Most people undervalue the need for sleep and drink coffee or other stimulants to help them stay awake throughout the day. They may say, “I’ll sleep when I’m dead,” or “I don’t have time for sleep.”
Lack of sleep will leave you dragging, fatigued, forgetful and cranky. When you feel like this, you are much less likely to be motivated and inspired to live your best life. In fact, you may choose to reduce your activities, avoid people, restrict your engagements and reduce your activities.
When chronically sleep deprived, this will have a significant impact over longer time periods. Sleep deprivation will lead to decrease performance of our minds and bodies. Sleep influences the immune system, memory consolidation, attention, hunger, moods, response time, and many other bodily functions.
Sleep deprivation may be very obvious after a long night with little sleep. However, its affects are not so obvious when we are deprived every night. We may actually start to believe that feeling run down and tired is normal and all we need is more coffee or stimulants to keep going.
This false thought leads us to covering up the side effects and accepting the negative impact sleep deprivation has on our life and those we spend time with.
For children, sleep is essential for the proper growth and development. When kids are tired it impacts their ability to perform in school. Their memory is also negatively affected which limits their potential.
When you’re tired and run down it appears to affect the immune system.

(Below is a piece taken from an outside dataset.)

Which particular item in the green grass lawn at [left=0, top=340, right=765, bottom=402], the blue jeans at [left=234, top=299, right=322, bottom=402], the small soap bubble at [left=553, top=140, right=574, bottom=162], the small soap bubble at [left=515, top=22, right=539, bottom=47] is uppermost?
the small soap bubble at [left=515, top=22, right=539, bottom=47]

You are more susceptible to illness and have a decreased capacity to fight infection.
Chronic sleep deprivation also affects your mood, behavior and emotional health. It alters brain function in certain regions of the brain. It may be more difficult to control emotional outbursts when you are tired.

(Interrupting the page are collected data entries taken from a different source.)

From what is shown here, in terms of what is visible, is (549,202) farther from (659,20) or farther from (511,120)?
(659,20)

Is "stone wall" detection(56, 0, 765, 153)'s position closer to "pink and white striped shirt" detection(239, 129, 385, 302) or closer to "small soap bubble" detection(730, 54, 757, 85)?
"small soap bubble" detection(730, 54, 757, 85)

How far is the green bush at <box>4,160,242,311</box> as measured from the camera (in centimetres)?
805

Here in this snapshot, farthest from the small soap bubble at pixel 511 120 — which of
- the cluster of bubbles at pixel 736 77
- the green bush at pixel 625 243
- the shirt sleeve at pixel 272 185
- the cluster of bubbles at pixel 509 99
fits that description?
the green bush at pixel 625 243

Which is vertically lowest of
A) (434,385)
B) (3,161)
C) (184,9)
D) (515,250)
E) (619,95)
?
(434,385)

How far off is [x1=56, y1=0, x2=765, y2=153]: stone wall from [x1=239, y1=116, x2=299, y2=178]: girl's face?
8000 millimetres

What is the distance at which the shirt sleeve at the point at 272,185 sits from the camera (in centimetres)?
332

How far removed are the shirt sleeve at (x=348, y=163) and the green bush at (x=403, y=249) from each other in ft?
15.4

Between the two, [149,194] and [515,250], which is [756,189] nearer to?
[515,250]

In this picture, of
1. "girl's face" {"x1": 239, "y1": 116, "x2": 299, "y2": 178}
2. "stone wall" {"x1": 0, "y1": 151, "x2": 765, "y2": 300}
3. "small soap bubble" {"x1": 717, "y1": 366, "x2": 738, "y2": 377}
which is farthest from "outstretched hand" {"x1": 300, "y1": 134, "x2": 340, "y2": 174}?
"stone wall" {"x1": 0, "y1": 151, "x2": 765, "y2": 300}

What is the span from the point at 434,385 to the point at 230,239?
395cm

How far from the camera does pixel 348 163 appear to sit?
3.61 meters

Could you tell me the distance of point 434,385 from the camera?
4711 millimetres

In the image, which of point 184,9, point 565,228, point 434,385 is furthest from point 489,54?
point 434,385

The National Heart Lung and Blood Institute states that people who suffer from sleep deficiency are more likely to develop high blood pressure, diabetes and heart disease.

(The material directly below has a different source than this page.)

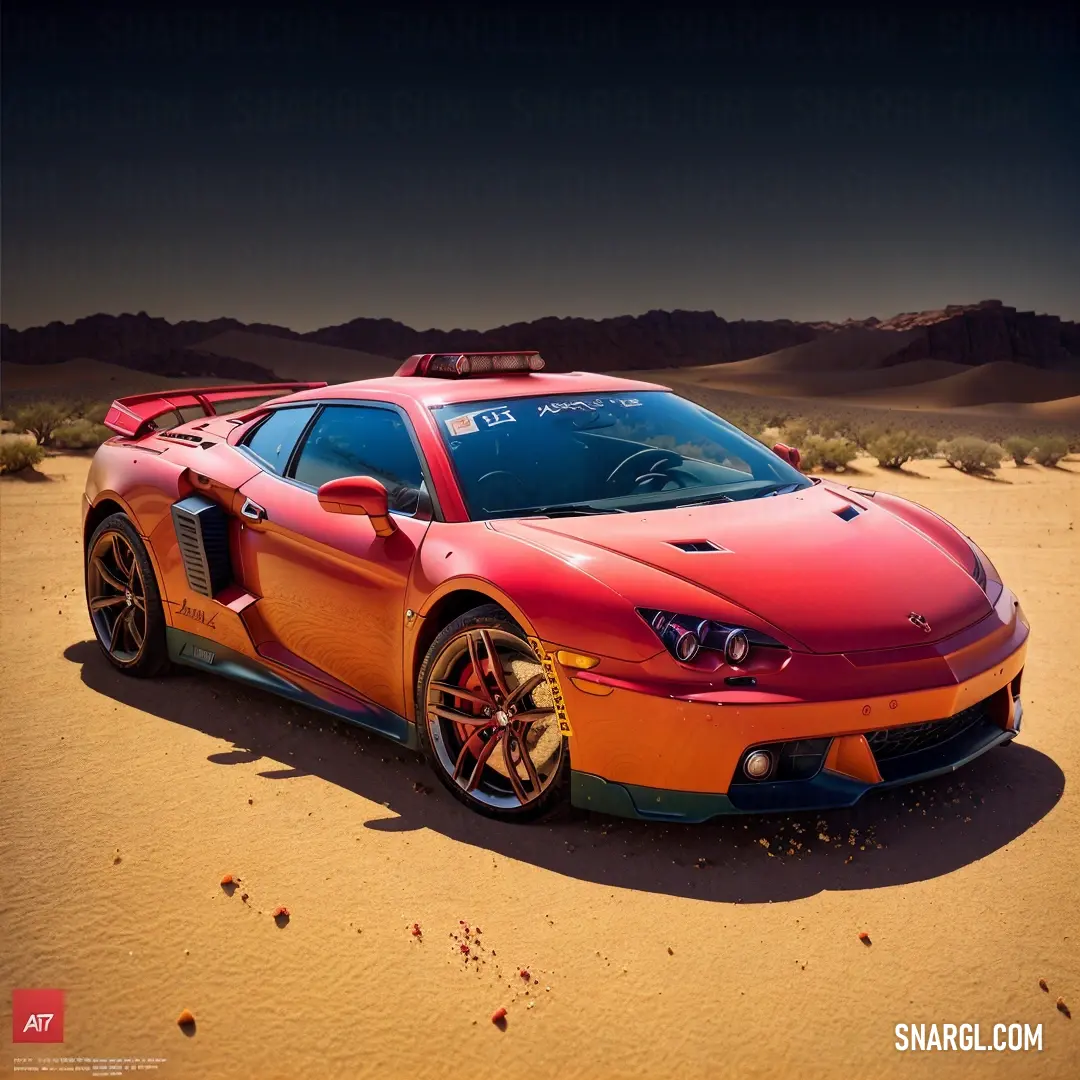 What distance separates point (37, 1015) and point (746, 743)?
2159mm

How do you improve your sleep?
- Track your sleep patterns with technology. There are many devices to help you track your sleep to help get on the right path. ie. Whoop, Oura Ring
- Develop healthy sleep patterns by going to sleep and waking up at consistent times.
- Get sun exposure for 20-30 minutes per day
- Decrease your intake of stimulants
- Decrease or eliminate alcohol.
- Get 8 hours of sleep per night.
- Lower the temperature in the room. Lower temperatures encourage sleep.
- Decrease or eliminate screen time prior to bed
- Create a sleep pattern or habit that you can do each night which prepares your mind and body for relaxing and sleep. ie. brush teeth, wash face, meditate, read, gratitude journal
- Ensure that you are exerting and depleting your energy during the day so you will be tired at bed time. Exercise, run, walk, play….do something to use your energy.